***** Material for the task
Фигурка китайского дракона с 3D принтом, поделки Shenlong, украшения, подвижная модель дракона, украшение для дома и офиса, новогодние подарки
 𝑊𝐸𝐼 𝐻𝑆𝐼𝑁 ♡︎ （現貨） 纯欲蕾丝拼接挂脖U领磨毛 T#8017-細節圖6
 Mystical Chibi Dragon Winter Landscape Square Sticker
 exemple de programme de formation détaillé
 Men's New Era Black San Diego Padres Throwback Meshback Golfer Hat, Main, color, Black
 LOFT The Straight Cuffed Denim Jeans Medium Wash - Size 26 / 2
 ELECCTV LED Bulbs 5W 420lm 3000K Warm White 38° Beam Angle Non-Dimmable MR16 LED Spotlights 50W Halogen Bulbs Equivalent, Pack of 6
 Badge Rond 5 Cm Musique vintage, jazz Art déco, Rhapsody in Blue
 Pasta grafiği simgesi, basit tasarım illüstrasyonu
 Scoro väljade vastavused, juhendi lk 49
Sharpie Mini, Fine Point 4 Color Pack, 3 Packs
**********
> **Prompt**
Exactly and exclusively, repeat the lines from the line that contains "Scoro väljade vastavused, juhendi lk 49" through the end of the records, both ends included.

> **Problem solution**
 Scoro väljade vastavused, juhendi lk 49
Sharpie Mini, Fine Point 4 Color Pack, 3 Packs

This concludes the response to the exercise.